What RSA and partners cite as unique about enVision is its scalability and the fact that it can collect all of a network's data because it combines two markets: security event management and security information management, said John Worrall, vice president of information and event management at RSA, Bedford, Mass.

"Half of [the pre-existing solutions on the market] came at it from event management, and half came at it from information management," Worrall said. "What's happening is [these two approaches] have merged because there is so much commonality in the systems.

"EnVision was really built on the foundation of compliance that you need to have all the data, you need to be able to keep that data, maintain that data, and manage that information over the life cycle of its natural life.

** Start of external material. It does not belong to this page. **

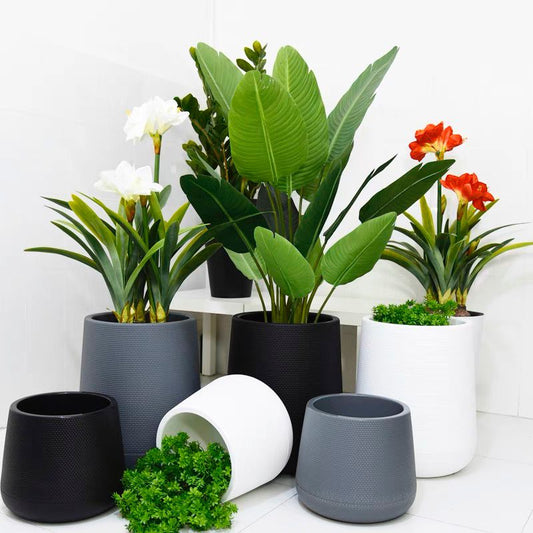 Resin Round Plant Pot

That pretty much means from the time you collect the event information to the time you delete it out of your system, this solution lets you manage the information along the way," Worrall said.

"The secret sauce of enVision is its analytic engine," FishNet Security's Shilts said. "We can bring information in all day long, but [enVision] makes an intelligent decision about [that information]."

Deployed in the world's top five banks all the way down to regional players, enVision's architecture makes its deployment fast enough for the big guys, but inexpensive enough for the smaller ones, according to Worrall.

"Large rollouts can be done faster, and because we have so many preconfigured compliance reports for various regulations, the time from the customer deploying, collecting all this information and getting reports out of it is very, very fast," he said.

The pricing structure, which is based on the number of events per second collected and the number of devices the events are collected from, guarantees its affordability for all markets.

And although enVision does not meet all regulatory objectives, it does give system administrators better visibility into the network, which gives solution providers the opportunity to take more of the adviser role, Shilts said. "[Clients are] getting hit from a lot of directions with a lot of features and functionalities, so we advise and clear the water."

Worrell summed up enVision's advantages this way: "It's less complex, much more simple, easier to deploy, much faster, and customers really appreciate that benefit."